Monday, January 11, 2016
According to media reports, the country’s Commerce and Industry Minister Nirmala Sitharaman has cautioned that a continued devaluation of the Yuan by China may come as a further blow for the country’s exporters already reeling under the effects of a global slowdown, weighing on the outlook for Asia’s third biggest economy.
Sitharaman warned that a weakening of the Yuan will make Indian exports more expensive in China, reducing their appeal, thus widening India’s trade deficit with the world’s second biggest economy. Moreover, Yuan’s devaluation may boost Chinese imports to India by making them cheaper, hurting domestic manufacturers.
“The depreciation of the Yuan is definitely going to make imported goods (from China) cheaper ... the fact is my deficit with China will (also) grow”, she said, the PTI reported.

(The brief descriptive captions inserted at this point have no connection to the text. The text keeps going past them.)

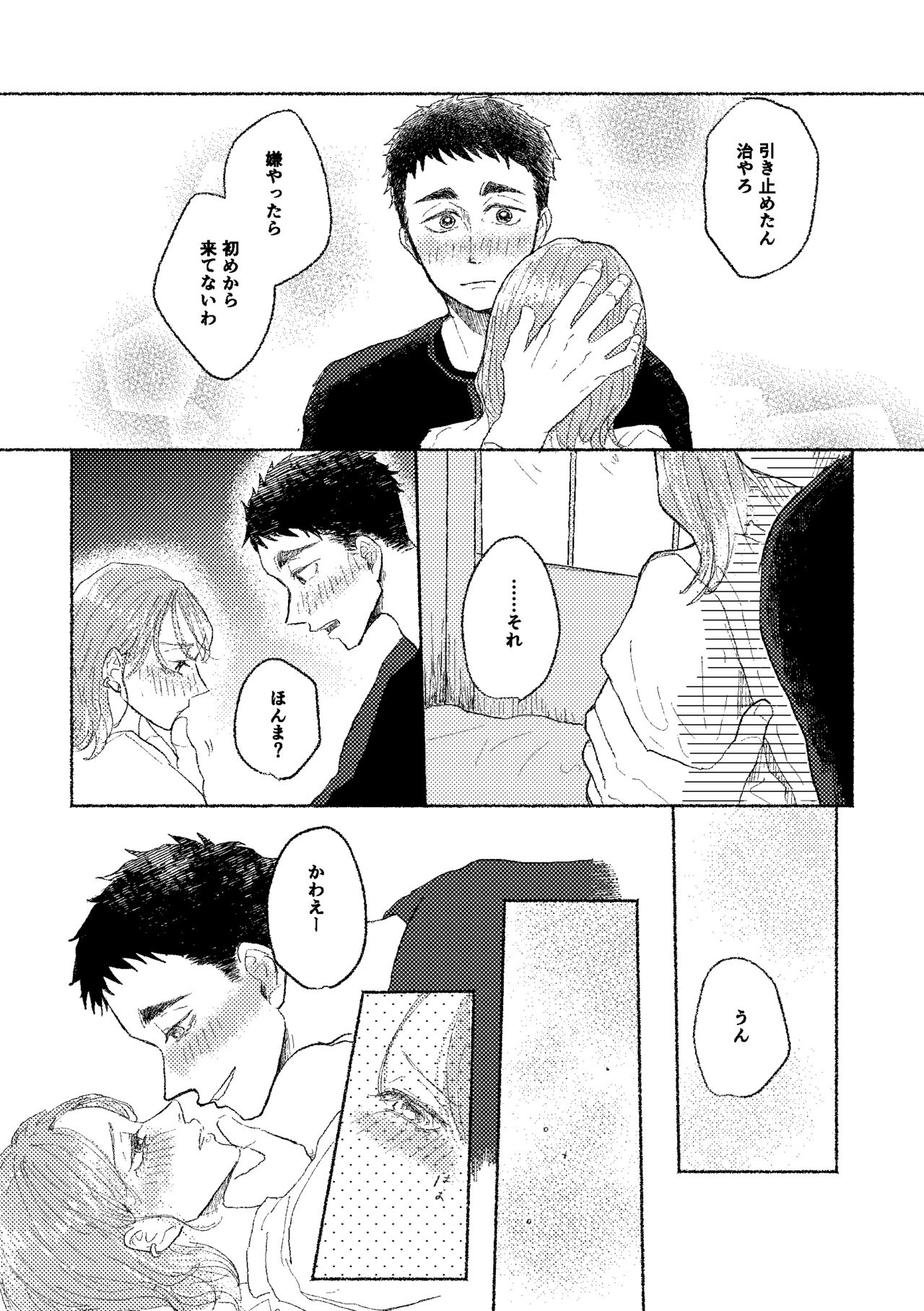 [Tsumire] Web Sairoku Osamu to (Gen) Kanojo - Page 21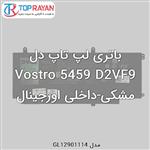 DELL Vostro 5459 D2VF9 Black Internal Battery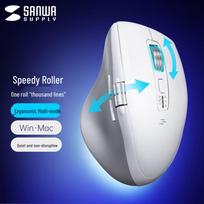 SANWA Wireless Dual-Scroll Bluetooth Mouse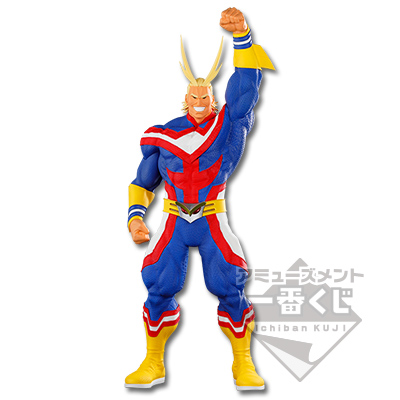 All Might (The Anime) ของแท้ JP - Super Master Stars Piece Banpresto [โมเดล My Hero Academia]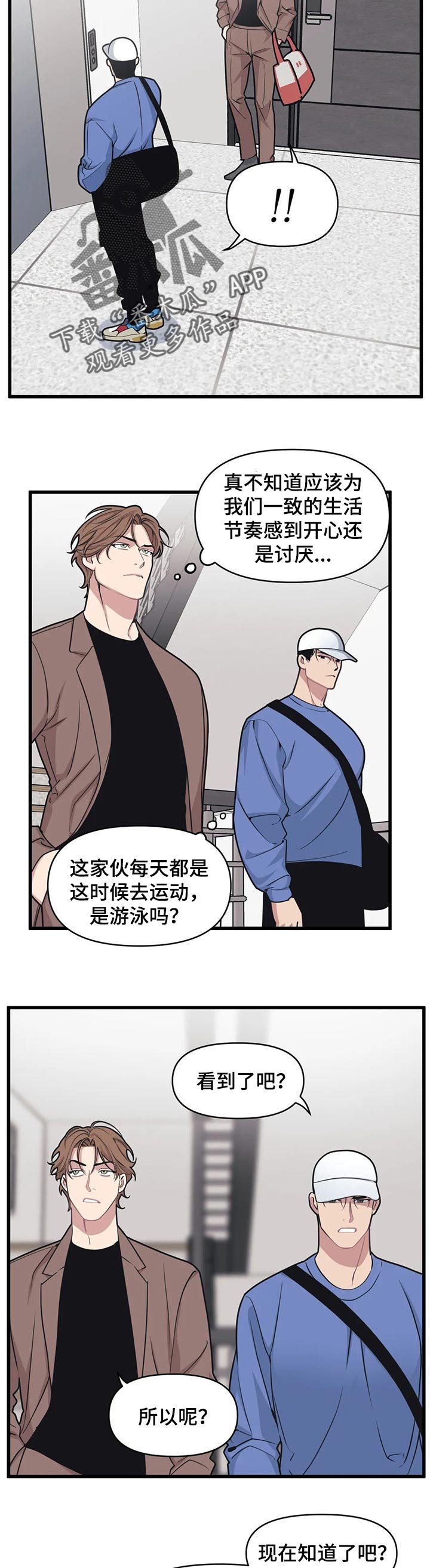 第20章：说不通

Sitharaman’s comments come at a time when India’s exports have suffered twelve straight months of decline, plunging by 18.46 per cent to USD 174.3 billion, year on year in April-November 2015, a sign that India isn’t immune to the current bout of global volatility amid a faltering Chinese economy, disinflation risks and the start of the US Federal Reserve’s interest rate tightening cycle.
Bilateral trade between India and China was USD 72.3 billion in 2014-15 while the trade gap with China stood at USD 49 billion.
China’s central bank last week weakened the value of the Yuan to the lowest level since March 2011 in a bid to bolster exports and help combat a worsening economic slowdown. However, China’s sharp depreciation move rattled global markets, wiping out more than USD 4 trillion from equities worldwide this year, reigniting fears of a fresh global currency war and signaling heightened worries over the health of the Chinese economy.